The 9th Circuit issued its ruling in Coalition for ICANN Transparency v. VeriSign. It begins,
This appeal is about whether the plaintiff, Coalition for ICANN Transparency, Inc., using antitrust statutes drafted in the late 19th century, has successfully stated claims in connection with the administration of the Internet domain name system, so essential to the operation of our sophisticated 21st century communications network. The district court ruled that the plaintiff failed. With the benefit of extensive briefing, collegial discussions and amicus participation on appeal from other players in the domain name system, we hold that the plaintiff has stated claims under both Sections 1 and 2 of the Sherman Act, 15 U.S.C.
Congratulations to Bret Fausett who wrote a brief that deserved to win.
I'm also pleased to note that the court relied in a small but key part on an article I co-wrote with Mark Lemley,
CFIT has essentially alleged that ICANN is a private standards-setting body akin to the NFPA. ICANN administers the DNS and is responsible for entering into agreements with registry operators like VeriSign. According to the complaint, ICANN’s mission includes a commitment to promoting competition for the contracts. CFIT’s allegations further state that ICANN, like the NFPA, is a private body with no public accountability. These allegations are consistent with the view held by commentators on the subject, who have, indeed, identified Allied Tube as providing the strongest argument in favor of imposing antitrust liability on those who seek to coerce ICANN. See Michael Froomkin & Mark A. Lemley, ICANN and Antitrust, 1 U. Ill. L. Rev. 1, 72-73 (2003) (noting that “given ICANN’s private status, VeriSign will face antitrust liability for persuading a private company in a position of power to grant it control over a market,” and naming Allied Tube as the “closest analogue”). We hold, therefore, that pursuant to The Supreme Court’s holding in Allied Tube, CFIT has adequately alleged that VeriSign’s improper coercion of ICANN and attempts to control ICANN’s operations in its own favor violated Section 2.

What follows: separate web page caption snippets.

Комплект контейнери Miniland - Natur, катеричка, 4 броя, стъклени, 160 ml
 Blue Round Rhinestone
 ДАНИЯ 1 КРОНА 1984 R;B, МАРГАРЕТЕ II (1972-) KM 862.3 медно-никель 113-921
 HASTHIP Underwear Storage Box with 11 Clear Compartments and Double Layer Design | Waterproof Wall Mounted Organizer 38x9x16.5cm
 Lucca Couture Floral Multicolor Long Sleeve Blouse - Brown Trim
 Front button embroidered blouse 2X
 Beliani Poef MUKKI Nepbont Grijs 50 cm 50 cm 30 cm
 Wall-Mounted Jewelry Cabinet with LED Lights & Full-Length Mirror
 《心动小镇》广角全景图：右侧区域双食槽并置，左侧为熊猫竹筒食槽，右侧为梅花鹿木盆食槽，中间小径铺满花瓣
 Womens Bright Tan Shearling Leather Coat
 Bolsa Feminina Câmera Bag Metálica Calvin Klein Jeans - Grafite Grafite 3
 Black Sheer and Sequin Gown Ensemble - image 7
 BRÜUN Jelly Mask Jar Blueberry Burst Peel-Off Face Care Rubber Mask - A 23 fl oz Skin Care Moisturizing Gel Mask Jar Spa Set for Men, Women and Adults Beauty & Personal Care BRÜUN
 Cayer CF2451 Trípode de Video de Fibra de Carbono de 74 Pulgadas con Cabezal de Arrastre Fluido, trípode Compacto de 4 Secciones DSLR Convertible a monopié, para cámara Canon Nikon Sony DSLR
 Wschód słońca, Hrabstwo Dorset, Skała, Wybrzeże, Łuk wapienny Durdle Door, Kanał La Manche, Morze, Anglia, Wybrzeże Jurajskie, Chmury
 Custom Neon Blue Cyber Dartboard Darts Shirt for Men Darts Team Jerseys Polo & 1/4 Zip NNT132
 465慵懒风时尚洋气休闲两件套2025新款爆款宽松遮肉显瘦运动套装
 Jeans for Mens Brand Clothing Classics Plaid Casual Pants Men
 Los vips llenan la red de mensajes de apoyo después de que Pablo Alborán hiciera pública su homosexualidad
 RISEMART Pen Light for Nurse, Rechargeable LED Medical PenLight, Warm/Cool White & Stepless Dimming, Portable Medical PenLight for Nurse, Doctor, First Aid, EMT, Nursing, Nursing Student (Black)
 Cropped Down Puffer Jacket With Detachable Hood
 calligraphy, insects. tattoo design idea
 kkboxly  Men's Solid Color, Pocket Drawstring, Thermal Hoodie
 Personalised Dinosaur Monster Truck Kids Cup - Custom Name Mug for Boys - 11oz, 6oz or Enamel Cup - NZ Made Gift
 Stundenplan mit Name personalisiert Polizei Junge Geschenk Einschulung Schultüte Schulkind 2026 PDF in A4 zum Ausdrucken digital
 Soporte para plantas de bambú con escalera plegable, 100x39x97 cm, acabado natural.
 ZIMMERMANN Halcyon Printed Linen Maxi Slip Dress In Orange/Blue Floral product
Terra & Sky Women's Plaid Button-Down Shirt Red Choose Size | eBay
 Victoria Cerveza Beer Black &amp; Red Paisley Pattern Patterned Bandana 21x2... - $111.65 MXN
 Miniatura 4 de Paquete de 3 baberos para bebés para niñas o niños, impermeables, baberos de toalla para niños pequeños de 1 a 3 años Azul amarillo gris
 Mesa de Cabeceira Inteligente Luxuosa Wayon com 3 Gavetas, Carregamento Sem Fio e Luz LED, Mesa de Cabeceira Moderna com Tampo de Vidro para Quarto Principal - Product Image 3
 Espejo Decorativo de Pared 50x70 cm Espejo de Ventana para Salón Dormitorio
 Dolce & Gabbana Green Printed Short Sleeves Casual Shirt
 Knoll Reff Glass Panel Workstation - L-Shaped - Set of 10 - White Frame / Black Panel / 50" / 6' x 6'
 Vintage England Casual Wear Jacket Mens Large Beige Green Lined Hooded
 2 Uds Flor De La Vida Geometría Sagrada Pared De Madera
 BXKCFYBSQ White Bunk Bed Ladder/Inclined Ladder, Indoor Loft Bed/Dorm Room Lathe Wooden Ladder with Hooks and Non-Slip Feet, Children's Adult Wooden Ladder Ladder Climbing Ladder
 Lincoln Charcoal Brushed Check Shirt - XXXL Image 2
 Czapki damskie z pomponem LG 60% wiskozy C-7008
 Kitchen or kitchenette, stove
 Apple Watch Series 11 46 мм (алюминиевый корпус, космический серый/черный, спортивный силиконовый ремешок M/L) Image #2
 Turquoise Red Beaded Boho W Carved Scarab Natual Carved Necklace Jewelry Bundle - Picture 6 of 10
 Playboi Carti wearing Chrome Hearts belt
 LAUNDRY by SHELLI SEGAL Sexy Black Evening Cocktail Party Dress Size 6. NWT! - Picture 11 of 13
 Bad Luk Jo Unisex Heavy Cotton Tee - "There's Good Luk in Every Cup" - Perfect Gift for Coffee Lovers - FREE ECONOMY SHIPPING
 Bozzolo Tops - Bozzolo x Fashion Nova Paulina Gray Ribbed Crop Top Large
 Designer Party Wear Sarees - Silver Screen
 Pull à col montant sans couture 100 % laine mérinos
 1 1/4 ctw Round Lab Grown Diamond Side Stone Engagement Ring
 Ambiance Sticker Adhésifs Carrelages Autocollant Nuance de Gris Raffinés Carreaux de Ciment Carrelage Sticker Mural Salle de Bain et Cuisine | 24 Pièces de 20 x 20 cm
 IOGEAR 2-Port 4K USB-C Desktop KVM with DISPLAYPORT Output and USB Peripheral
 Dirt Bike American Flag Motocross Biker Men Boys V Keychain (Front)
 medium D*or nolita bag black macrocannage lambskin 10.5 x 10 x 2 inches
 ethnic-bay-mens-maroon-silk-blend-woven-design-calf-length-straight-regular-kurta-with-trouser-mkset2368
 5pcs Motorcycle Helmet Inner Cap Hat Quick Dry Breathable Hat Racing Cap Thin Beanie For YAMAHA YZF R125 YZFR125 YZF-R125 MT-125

One of the underlying assumptions in the award of the .com contract has always been that there could only be one registry per GTLD. So the only scope for increasing ‘competition was by expanding the number of GTLDs.
This is of course not doing anything except to line the pockets of ICANN and various rentseekers who apply for the gTLDs. Off the top of my head, I cannot name any gTLD other than .com, .net and .org that has more than one DNS name that I could remember.
A far better approach would be to break up the registry functions into three parts:
1) Preparation of the domain, interfacing with the registrars etc.
2) Contracts to provide constellation servers in various locations.
3) A contract to monitor the performance of the constellation servers, payment being tied to performance. This would include random DoS testing targeted at individual servers to determine if there is sufficient capacity.
While there is only one credible bidder for the .com contract as it stands, each of the functions listed above would be well within the capacity of many national ISPs. A competitive market could be established in a very short period of time.